Мертвому догмату с этим делать нечего, а догмат живой только с таких „соблазнов“ и начинается.
Нет той человеческой немощи — сомнения, искушения, отвержения, проклятья, нет того соблазна человеческого, где бы рядом с нами не был человек Иисус; где бы мы не узнавали в Нем себя.

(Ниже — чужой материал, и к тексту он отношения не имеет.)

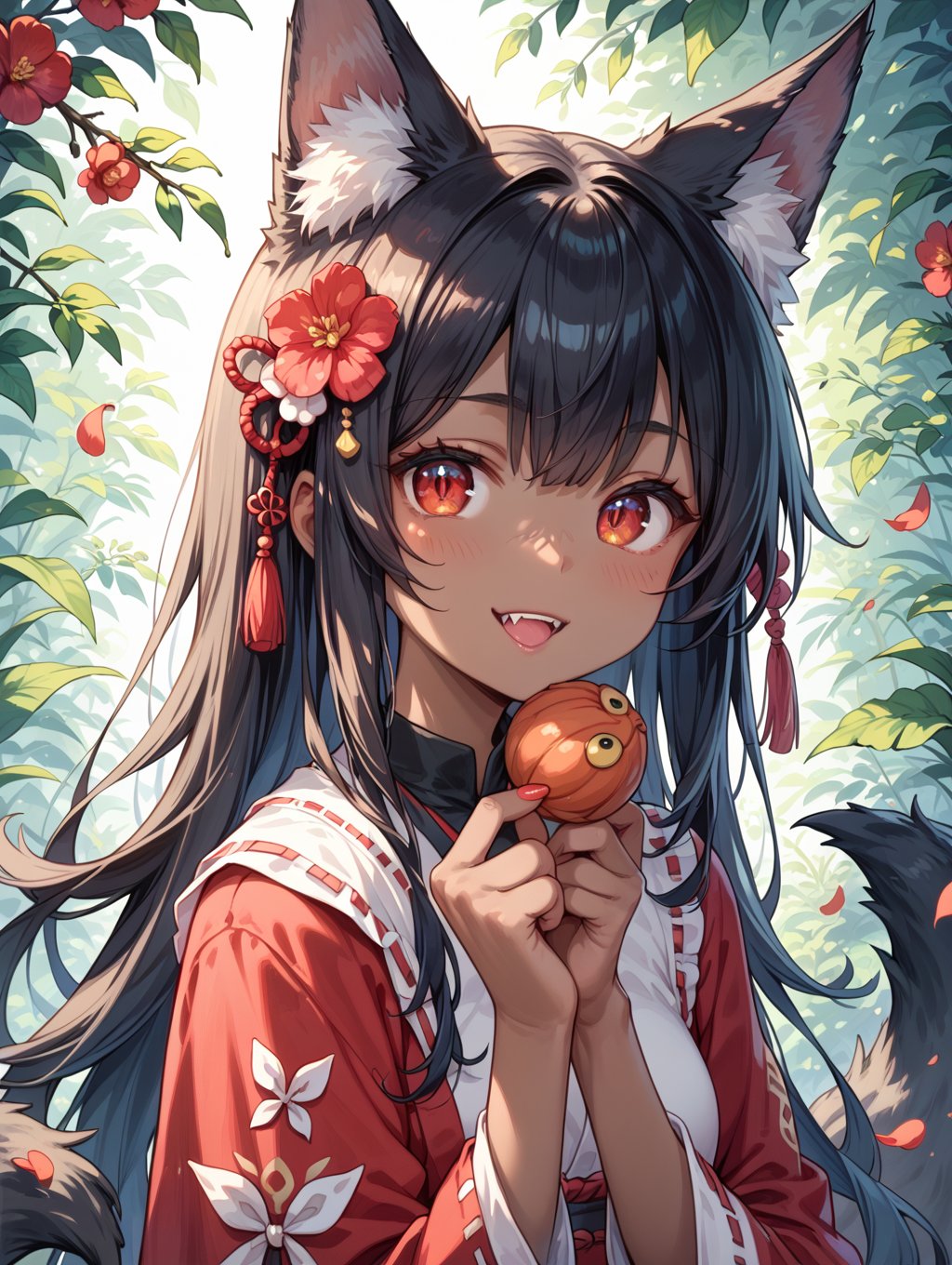 score_9, score_8_up, score_7_up,perfect eyes, kitsune, werewolf, red eyes, black skin, pretty girl, cute girl, teasing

Слишком человеческого нельзя сказать о Нем ничего, ибо Он, —
подобно нам искушен во всем, кроме греха. (Евр. 4, 15.)
В каждой капле воды — та же вода, что в океане; в каждой искре огня — тот же огонь, что в солнце; в каждом человеке — тот же Сын человеческий, что во Христе.
Я есмь Ты, —
сказано с чудным опытным знанием в одной гностической молитве-заклятии для благополучного прохождения души по мытарствам ада.[611]
Только через наше человеческое сердце можем мы заглянуть в сердце человека Иисуса; только через наше смертное борение можем мы заглянуть в Гефсиманию; тяжесть креста Его можем измерить, только взяв крест на себя. Кто же никогда ничего подобного не испытывал, тому нечего делать с Евангелием, и лучше всего согласиться с Цельзом, что „жалкою смертью кончил Иисус презренную жизнь“, или, что едва ли не хуже, — с Ренаном, что „жалкою смертью кончил Иисус великую жизнь“. И не спасет нас от этого согласия никакой догмат. ·
IV
Чем больше мы вдумываемся, вживаемся в жизнь человека Иисуса, тем больше узнаем, что в ней должна была наступить такая минута, когда Он вдруг понял, — медленно, должно быть, понимал, но понял вдруг, что „в мире Он был и мир через Него начал быть, и мир Его не узнал“; „пришел к своим, и свои Его не приняли“; и что эта минута пронзила душу Его, как некогда пронзит тело Его острие крестных гвоздей.
Знал от начала Сын Божий, что „пришел в мир для того, чтобы отдать душу Свою в выкуп за многих“ (Мт. 20, 28), — это очень легко сказать в догмате, но очень трудно понять в опыте.